**Given data:**
^^^^

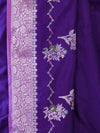 Banarasee Handloom Semi Silk Saree With Zari Design & Contrast Border-Violet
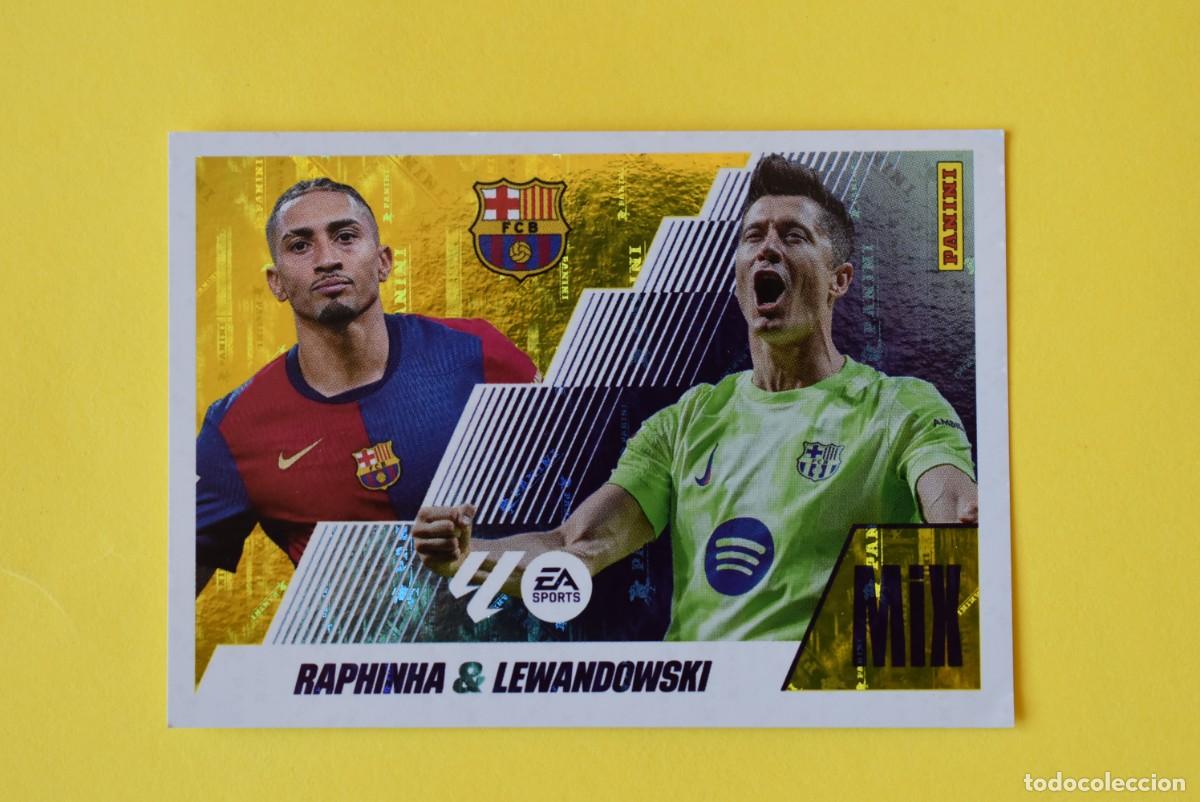 Cromos de F&uacute;tbol: Cromo Liga 25 26 2025 2026. Raphinha & Lewandowski. MIX. N. &ordm; 21. Barcelona. Panini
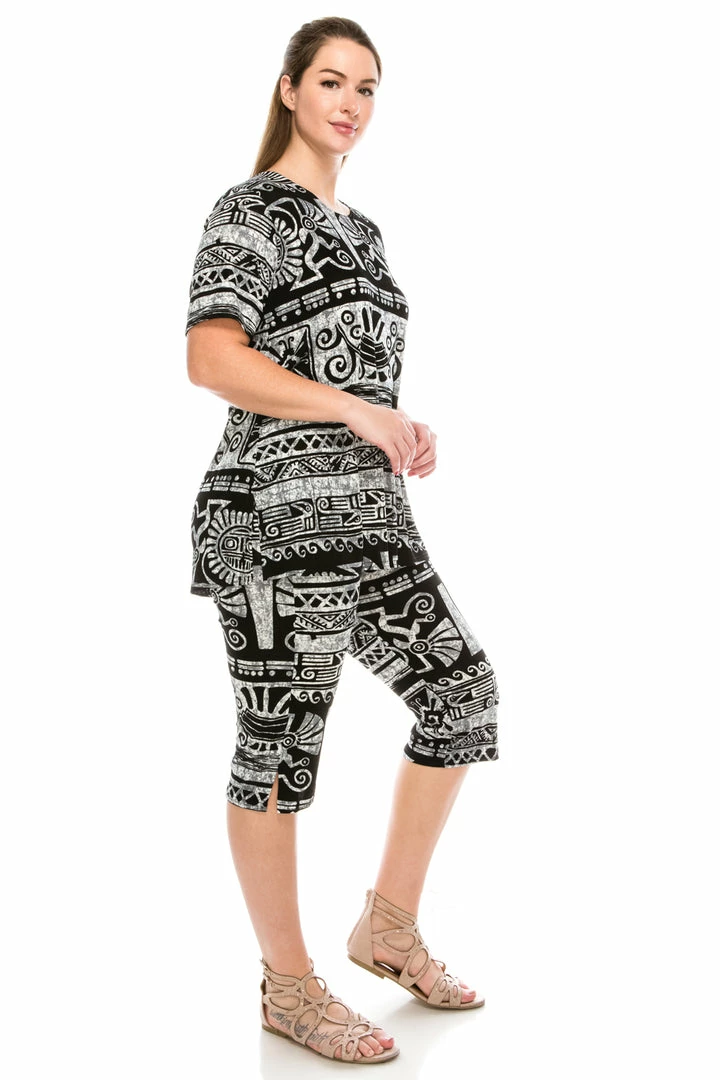 Jostar Women's Stretchy Capri Pants Set Short Sleeve Plus Print, 903BN-SXP-W901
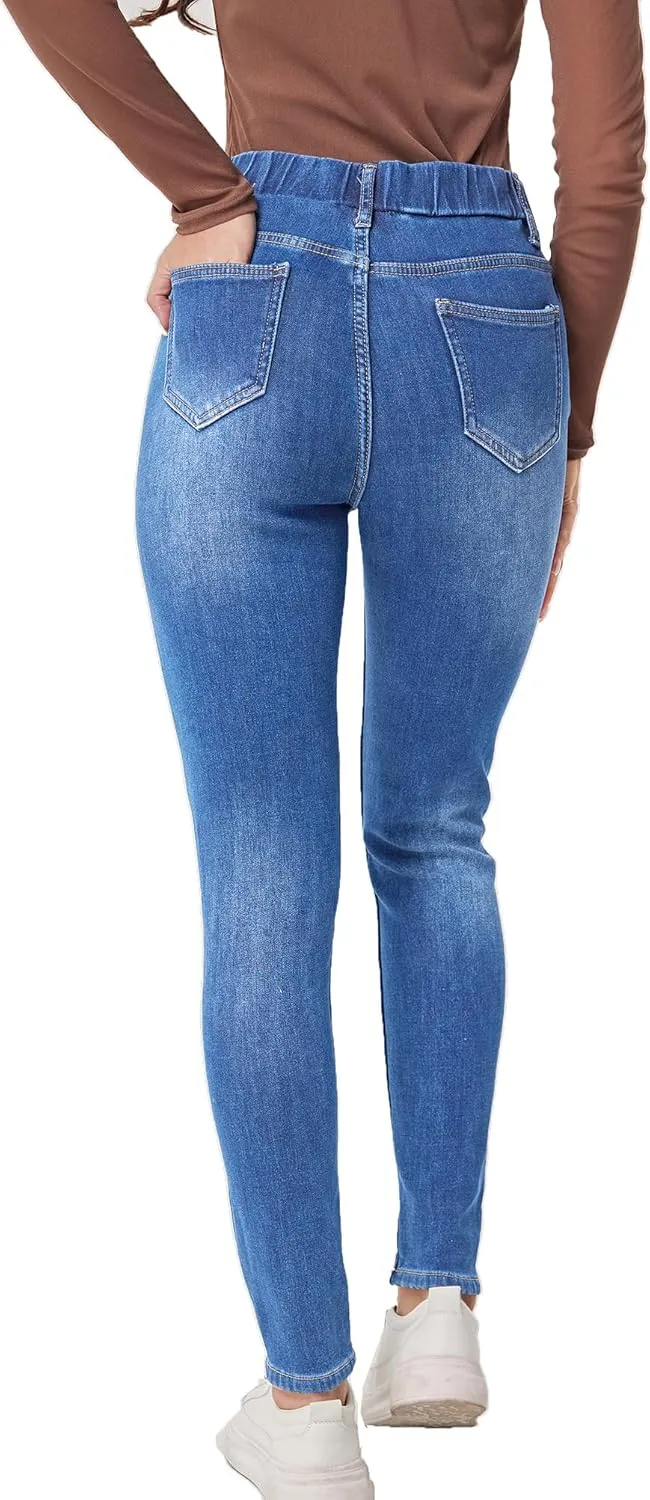 Yehopere Women's Winter Jeans High Waist Pull on Fleece Lined Thicken Elastic Waist Jeans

^^^^

**Task to complete:** Leave every picture out and copy precisely the lines from the one containing "Jostar Women's Stretchy" through the last line of the data above, both ends included.

**Result of this task:**
 Jostar Women's Stretchy Capri Pants Set Short Sleeve Plus Print, 903BN-SXP-W901
 Yehopere Women's Winter Jeans High Waist Pull on Fleece Lined Thicken Elastic Waist Jeans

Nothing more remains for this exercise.